▸ Task objective: When you reach the line that contains "Modern-table-for-cats-4", give it back exactly along with each line after it to the end of the entries; skip any pictures.

▸ Input:
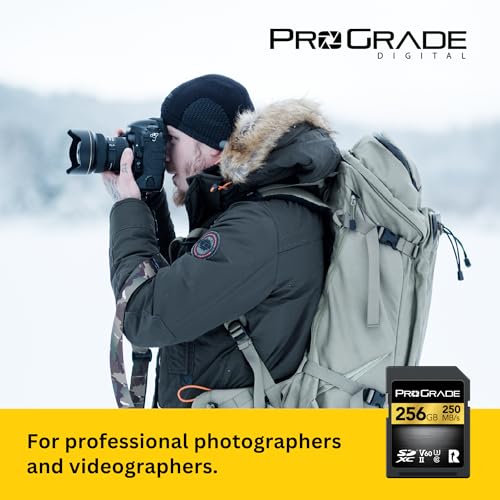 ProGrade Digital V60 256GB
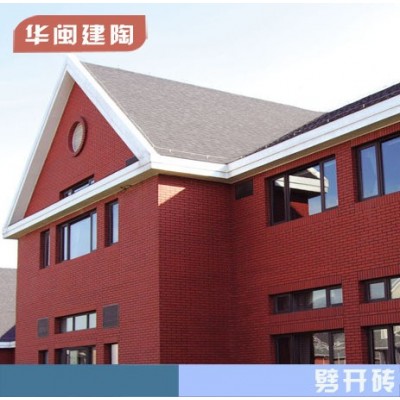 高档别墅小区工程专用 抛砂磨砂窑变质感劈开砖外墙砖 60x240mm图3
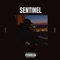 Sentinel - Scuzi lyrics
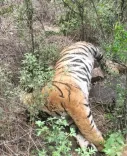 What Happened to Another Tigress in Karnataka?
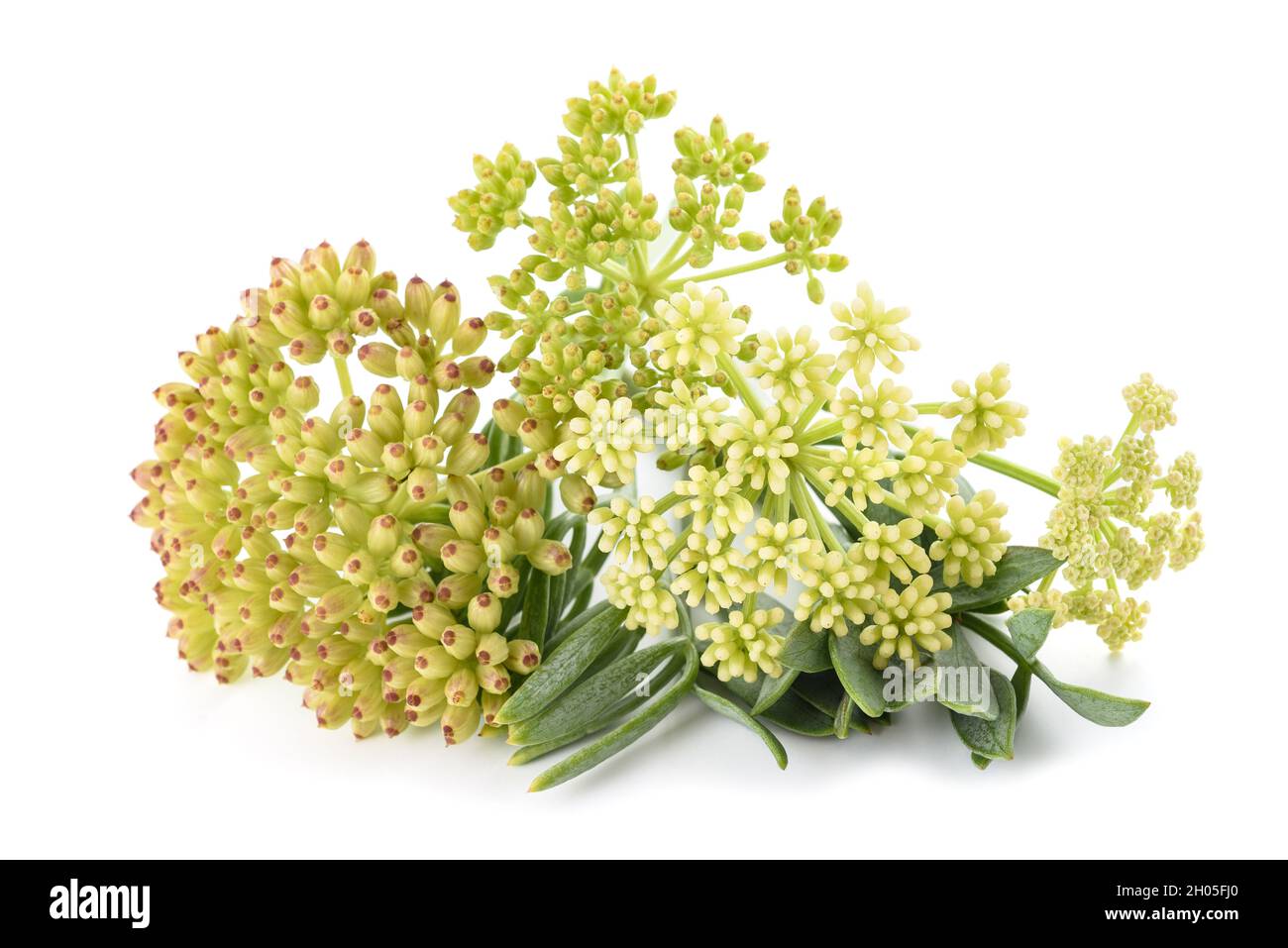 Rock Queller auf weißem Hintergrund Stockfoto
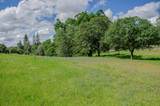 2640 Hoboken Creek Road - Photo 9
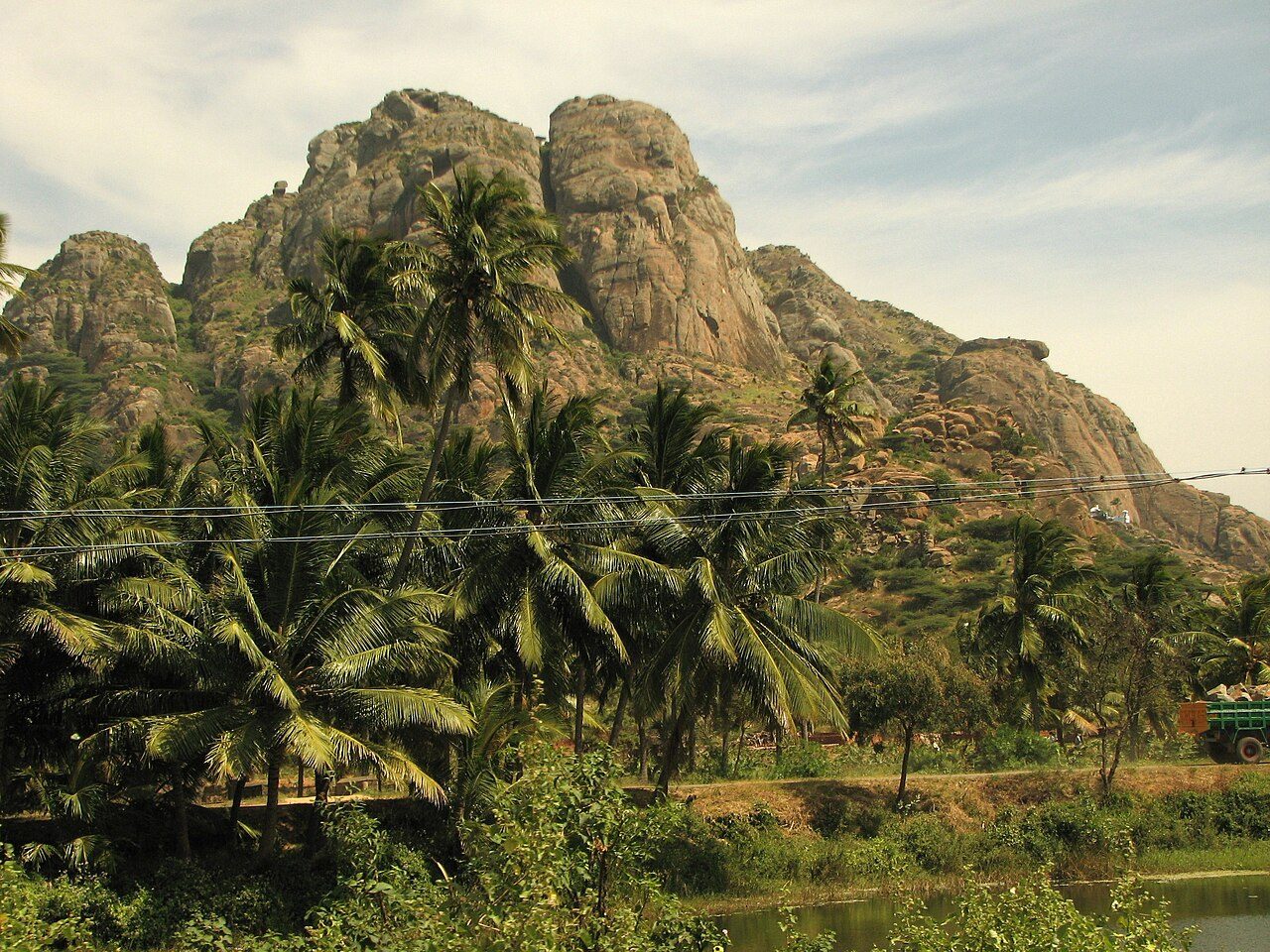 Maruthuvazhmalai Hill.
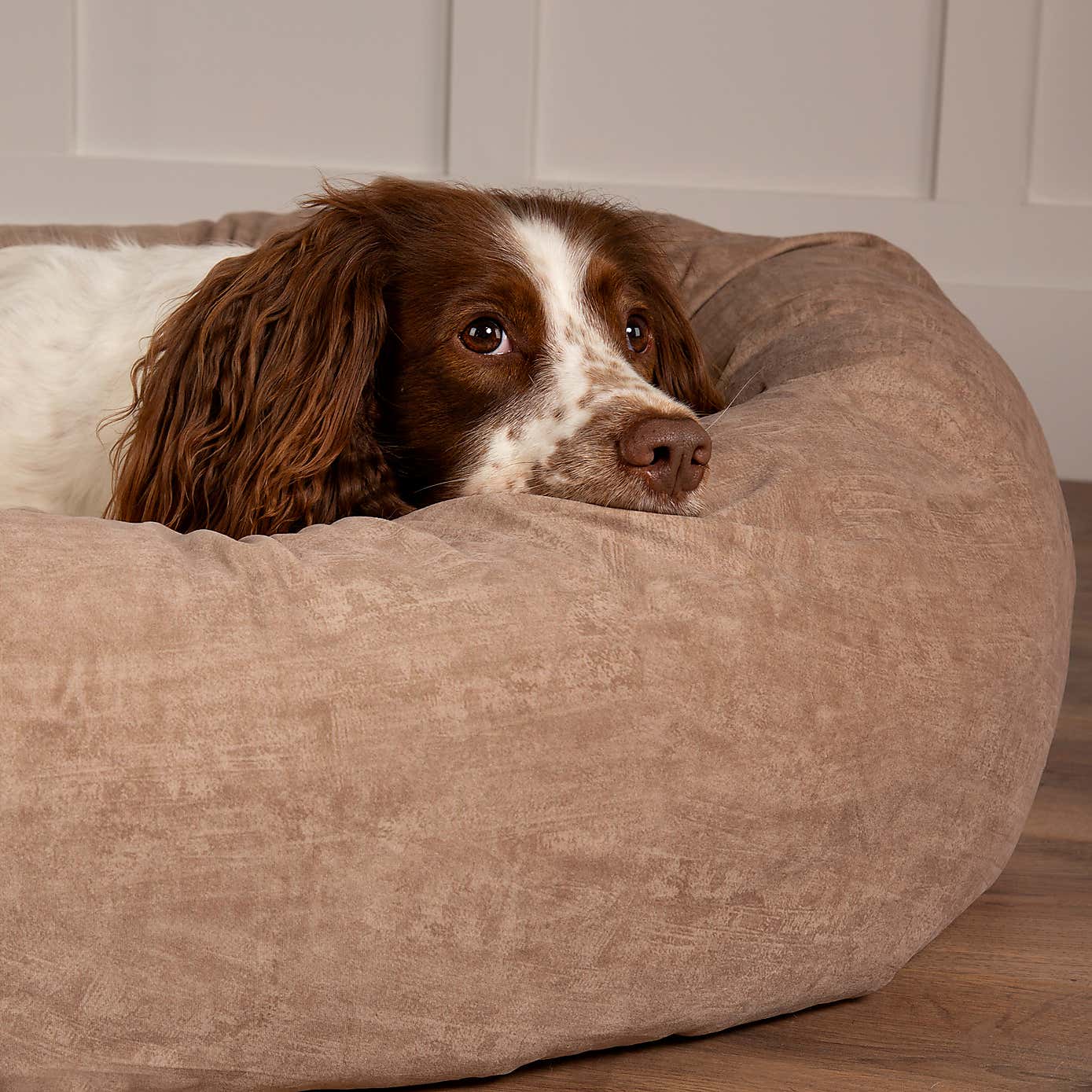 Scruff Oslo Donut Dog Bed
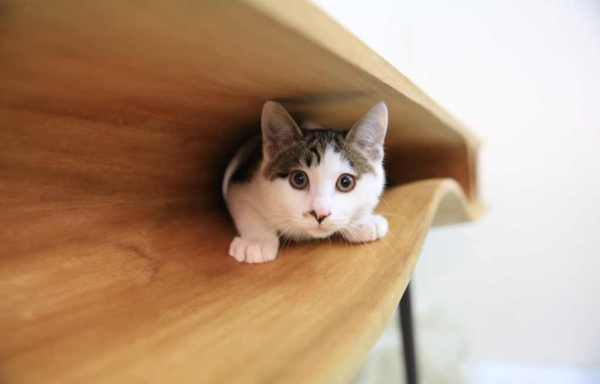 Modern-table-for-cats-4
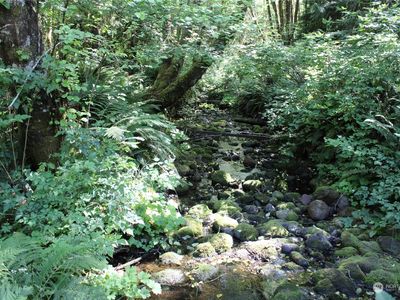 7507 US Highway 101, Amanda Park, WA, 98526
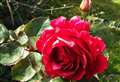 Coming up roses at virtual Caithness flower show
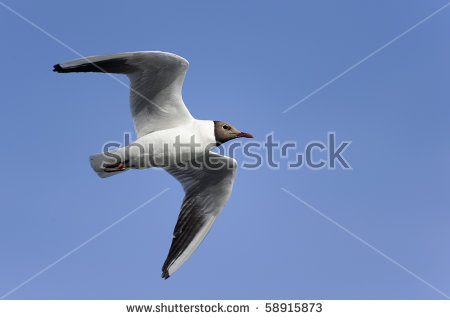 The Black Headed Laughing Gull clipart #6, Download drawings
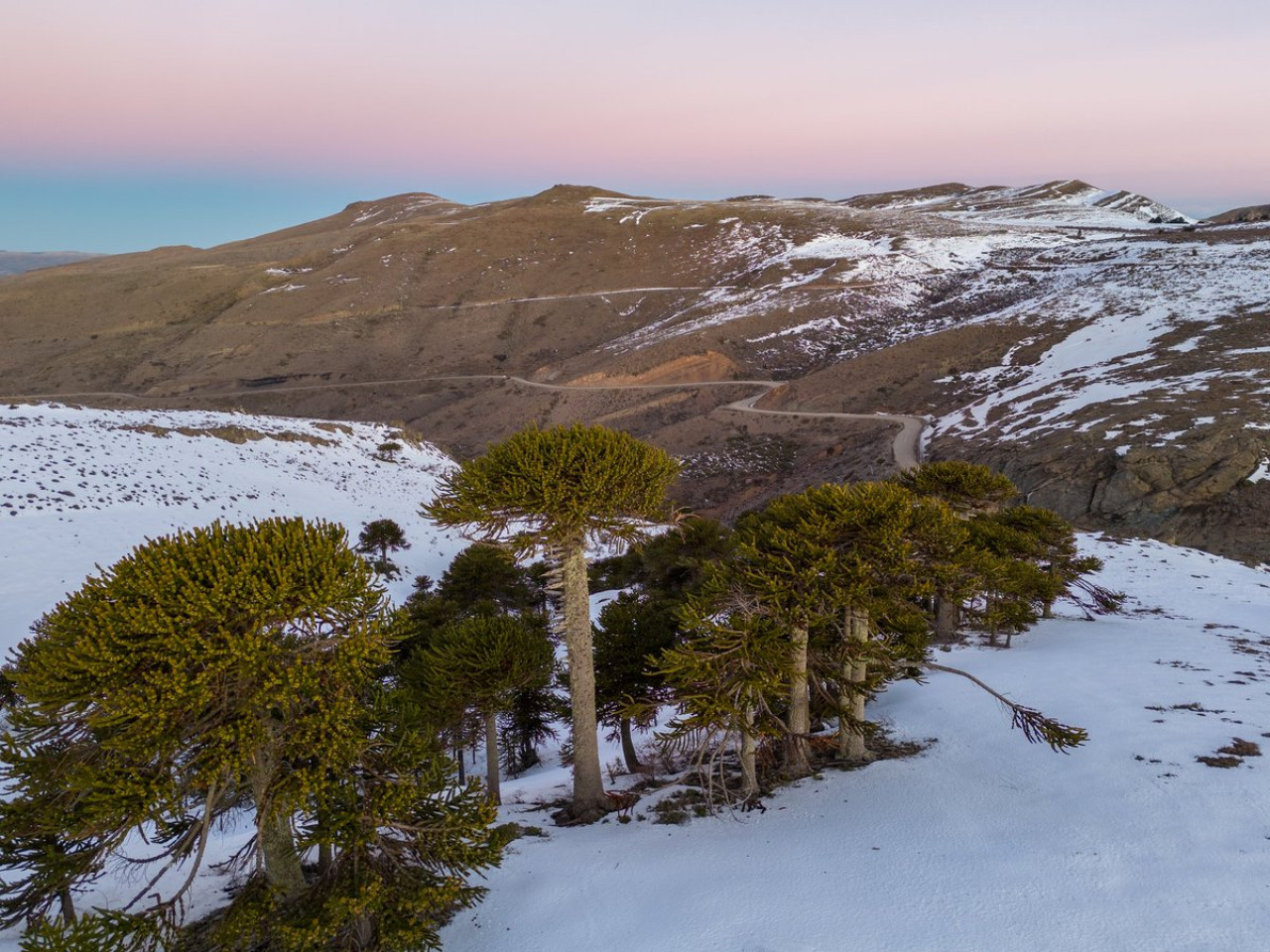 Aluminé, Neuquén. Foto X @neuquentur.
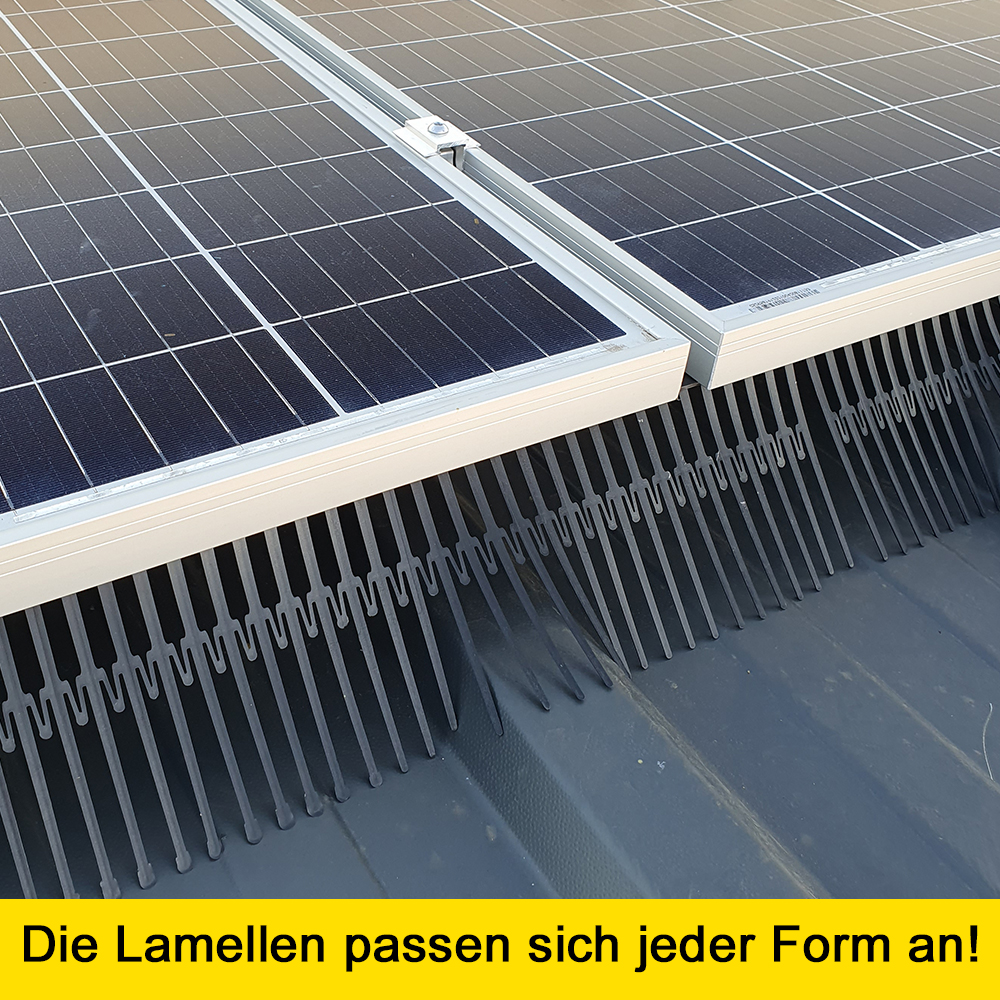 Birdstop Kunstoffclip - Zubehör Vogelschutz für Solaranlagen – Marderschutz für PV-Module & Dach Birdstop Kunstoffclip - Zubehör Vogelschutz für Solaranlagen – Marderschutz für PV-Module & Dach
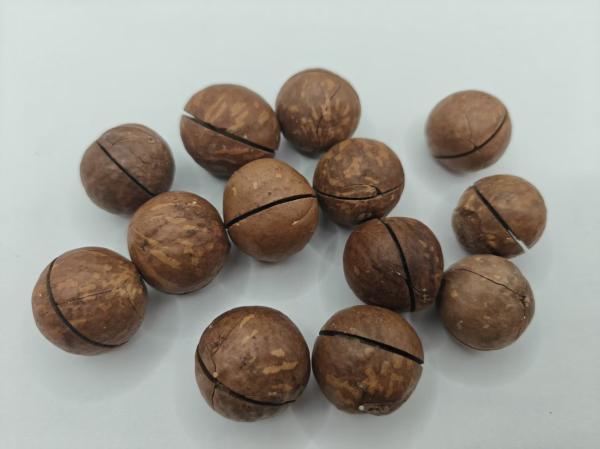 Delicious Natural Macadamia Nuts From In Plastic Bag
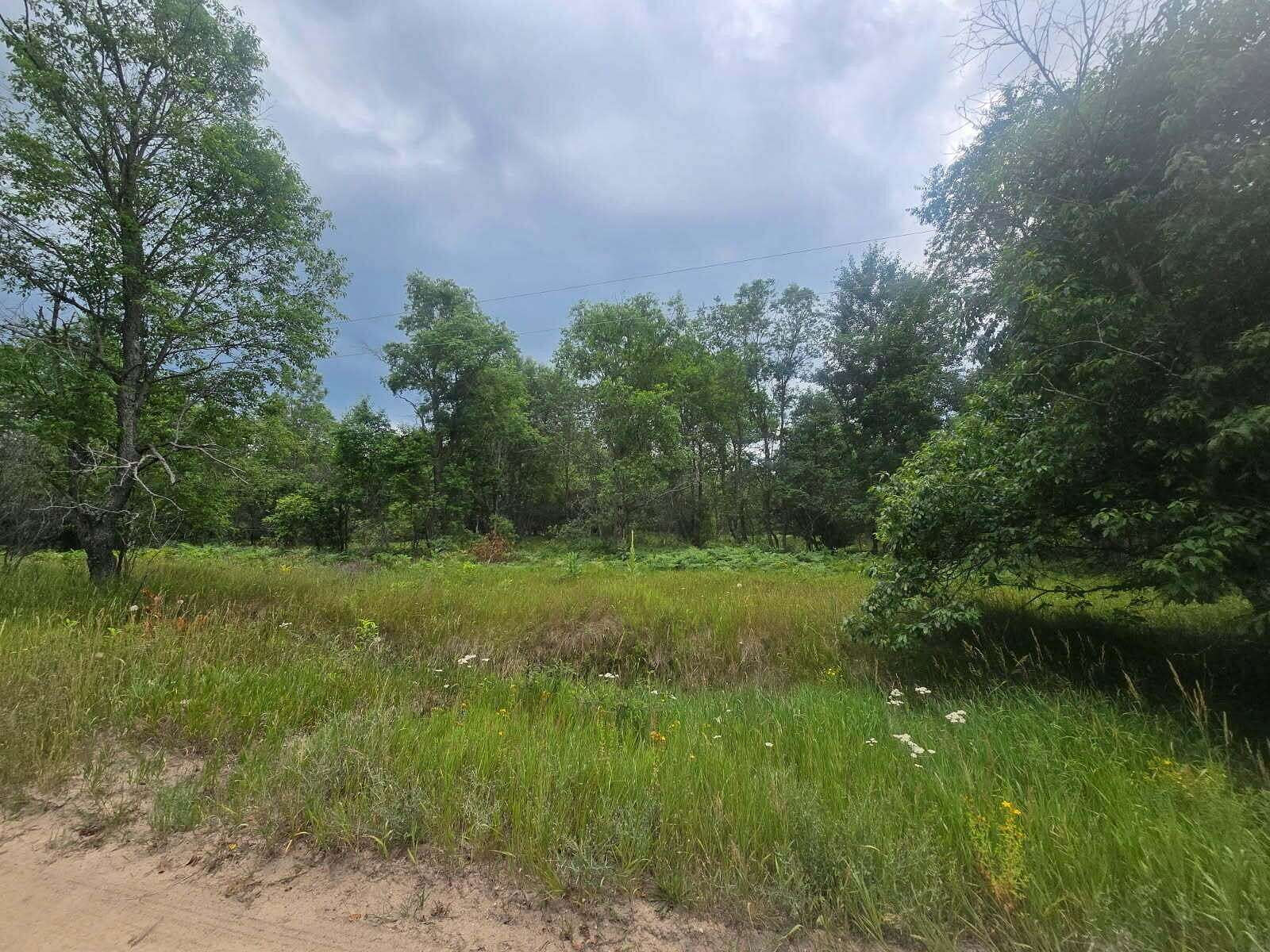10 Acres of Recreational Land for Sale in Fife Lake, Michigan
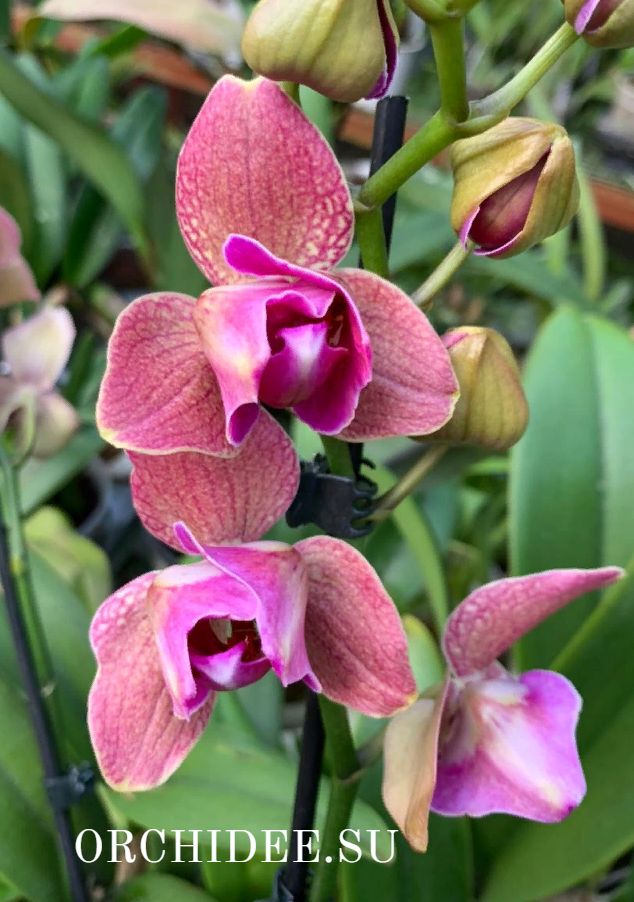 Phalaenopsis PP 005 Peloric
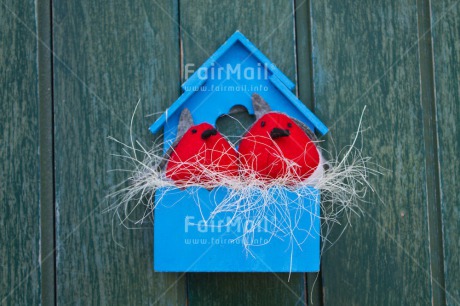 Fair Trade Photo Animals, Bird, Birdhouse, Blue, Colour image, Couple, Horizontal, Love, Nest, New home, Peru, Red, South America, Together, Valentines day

▸ Solution to the problem:
 Modern-table-for-cats-4
 7507 US Highway 101, Amanda Park, WA, 98526
 Coming up roses at virtual Caithness flower show
 The Black Headed Laughing Gull clipart #6, Download drawings
 Aluminé, Neuquén. Foto X @neuquentur.
 Birdstop Kunstoffclip - Zubehör Vogelschutz für Solaranlagen – Marderschutz für PV-Module & Dach Birdstop Kunstoffclip - Zubehör Vogelschutz für Solaranlagen – Marderschutz für PV-Module & Dach
 Delicious Natural Macadamia Nuts From In Plastic Bag
10 Acres of Recreational Land for Sale in Fife Lake, Michigan
 Phalaenopsis PP 005 Peloric
 Fair Trade Photo Animals, Bird, Birdhouse, Blue, Colour image, Couple, Horizontal, Love, Nest, New home, Peru, Red, South America, Together, Valentines day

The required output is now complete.